16.05.2004 | aktual.: 16.05.2004 12:24
Sąd Najwyższy uznał, że działania armii nie są samowolne ani nie stanowią działań odwetowych, tylko są podyktowane "przesłankami operacyjnymi", więc nie można ich zabronić. Tym samym sąd zniósł tymczasowy zakaz niszczenia domów, który sam wcześniej wprowadził.

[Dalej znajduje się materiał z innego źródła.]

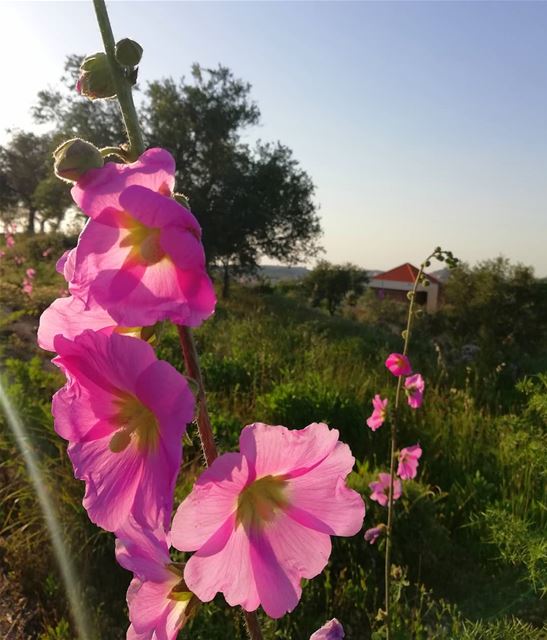  wildflowers  today village...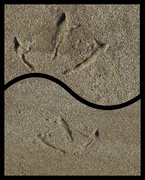 18th Nov 2023 - Leave only footprints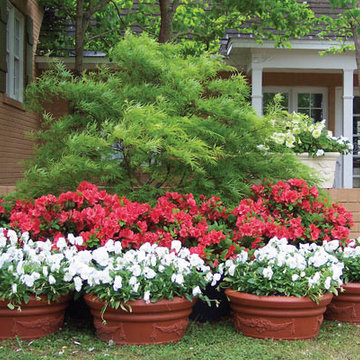 Encore Azalea Landscape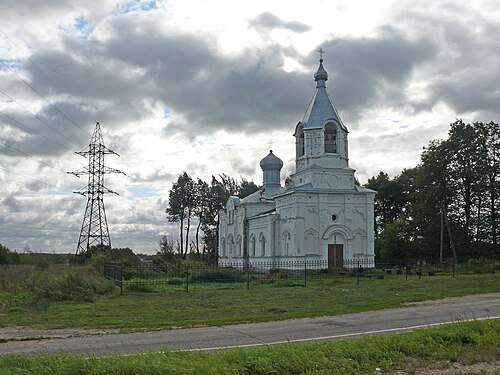 Трубичинское сельское поселение новгородский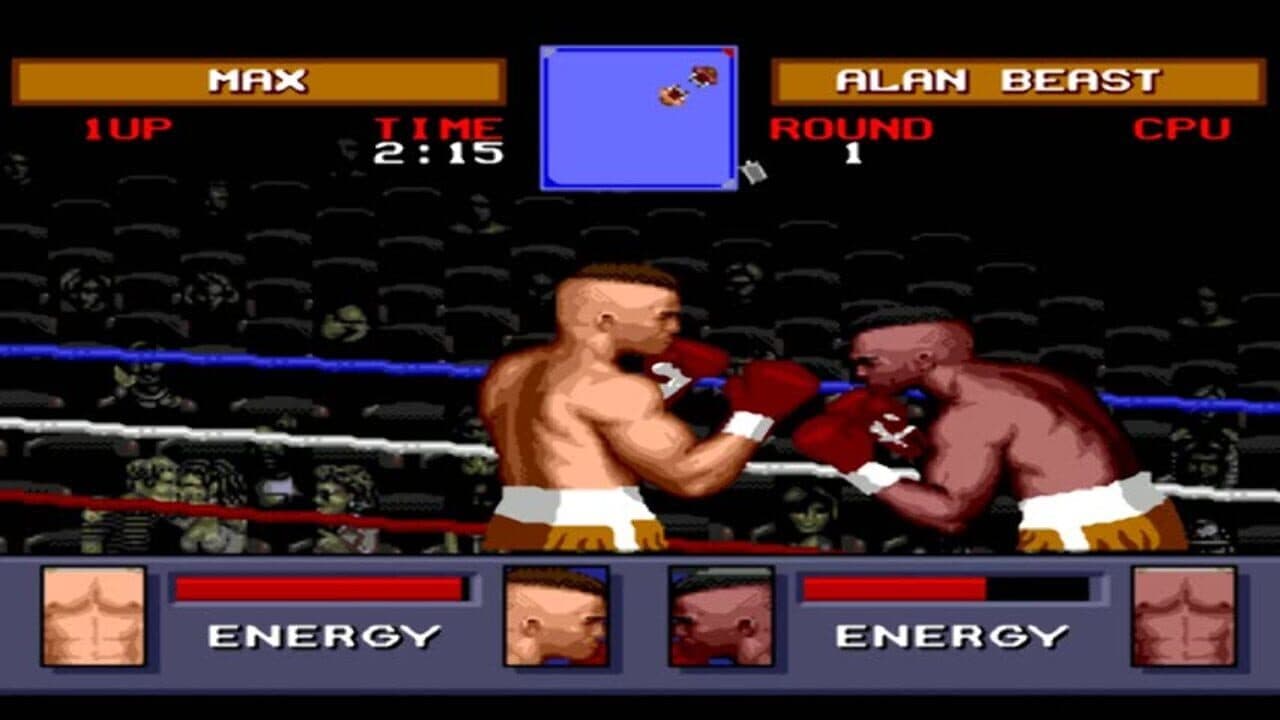 Evander Holyfield's Real Deal Boxing thumbnail 3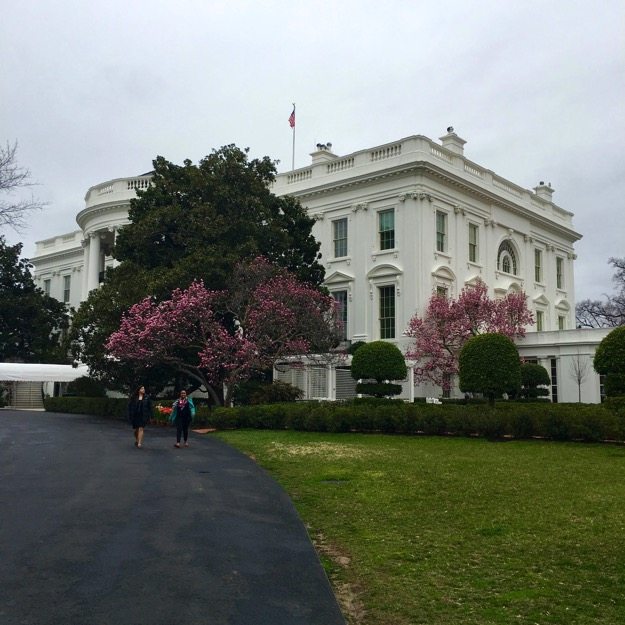 The White House.jpg The White House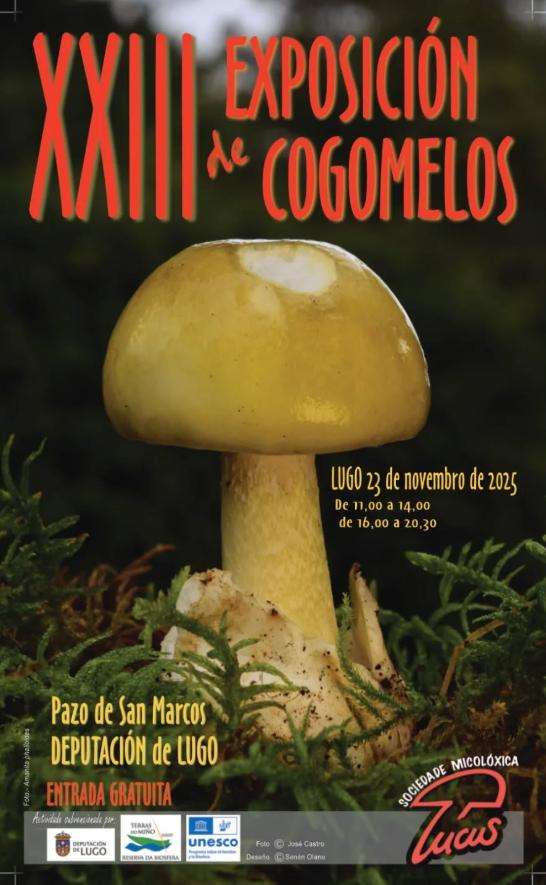 XXIII Exposición de Cogomelos en Lugo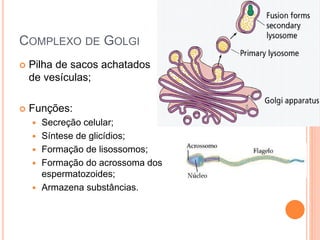 COMPLEXO DE GOLGI
 Pilha de sacos achatados e
de vesículas;
 Funções:
 Secreção celular;
 Síntese de glicídios;
 Formação de lisossomos;
 Formação do acrossoma dos
espermatozoides;
 Armazena substâncias.
 
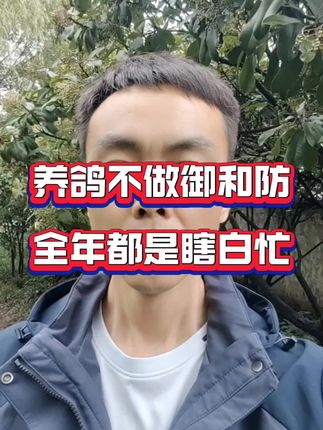 养鸽不做御和防,全年都是瞎白忙#鸽子 #养鸽人 #鸽子养殖技术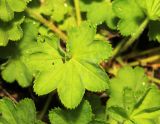 Alchemilla micans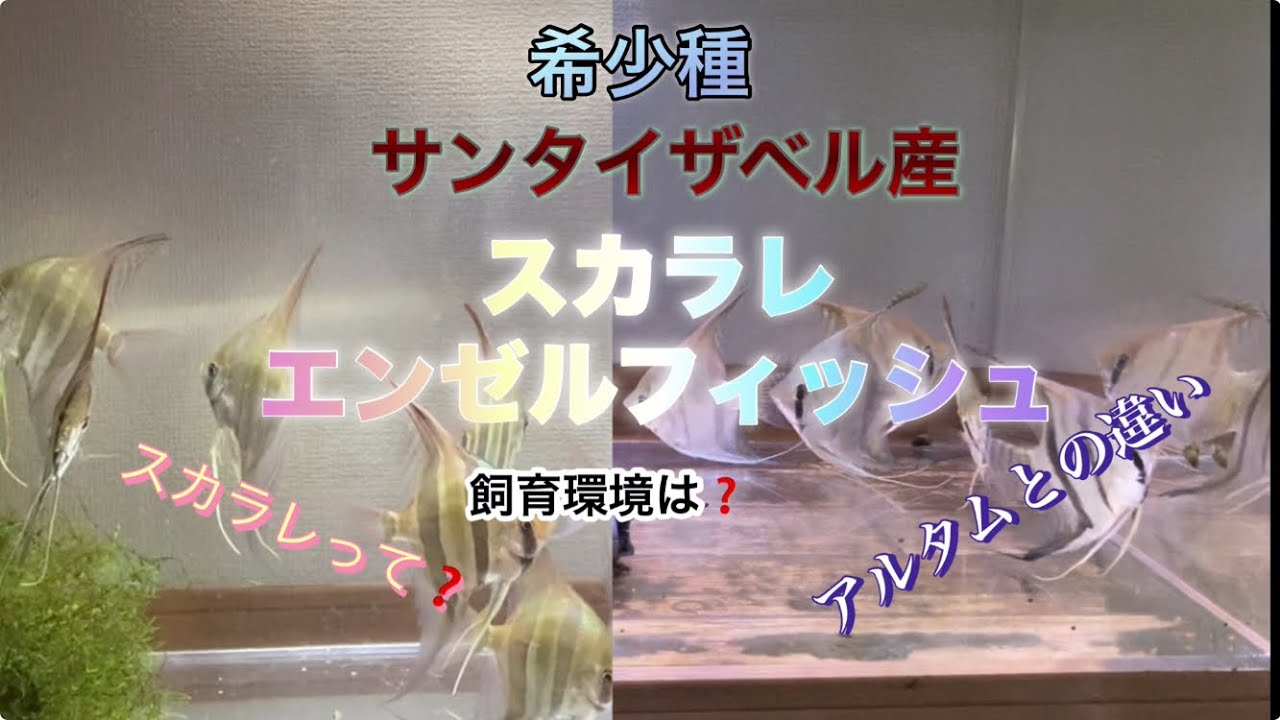 希少なエンゼルフィッシュ　サンタイザベル産スカラレ　#アクアリウム  #ディスカス  #ペット  #熱帯魚  #エンゼルフィッシュ  #aquarium  ＃エンゼルフィッシュ　＃アルタムエンゼル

Odmiennego zdania jest szef amerykańskiej dyplomacji. "Wiemy, że Izrael ma prawo do samoobrony, ale ten rodzaj działań, jakie podejmowane są w Rafah, gdzie trwa niszczenie palestyńskich domów, budzi nasz sprzeciw" - oświadczył Powell na konferencji prasowej w Jordanii, gdzie przebywa z wizytą.
Jednocześnie zapowiedział, że Stany Zjednoczone zrobią wszystko, aby przerwać spiralę przemocy trwającą na Bliskim Wschodzie. W mijającym tygodniu w Strefie Gazy zginęło 13 izraelskich żołnierzy i 29 Palestyńczyków.

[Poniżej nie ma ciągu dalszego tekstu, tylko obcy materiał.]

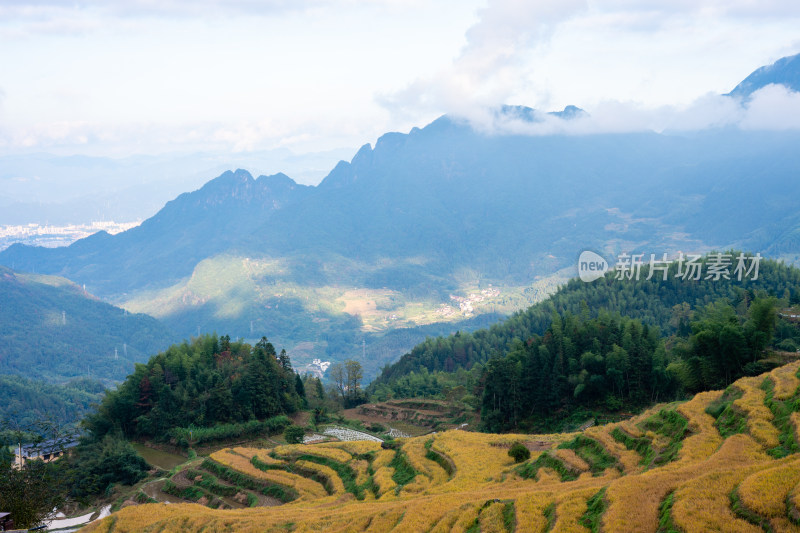 浙江丽水云和梯田景区风光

Powell skrytykował też palestyńskiego przywódcę Jasera Arafata "za działania i oświadczenia, które w znaczący sposób utrudniają postęp" na drodze ku pokojowemu załatwieniu konfliktu bliskowschodniego.
Powell odniósł się w ten sposób do sobotniego wystąpienia Arafata, w którym wzywał on do wytrwałości w oporze przeciwko izraelskiej okupacji, choć - jak zaznacza AP - nie wydaje się, by cytowane przez Arafata wersety Koranu miały być zachętą do kolejnych antyizraelskich ataków.
Tymczasem w Rafah trwa burzenie domów. Izrael poszerza w ten sposób "korytarz bezpieczeństwa" ciągnący się wzdłuż przebiegającej tam granicy z Egiptem. Plan obejmuje zrównanie z ziemią nawet kilkuset domów.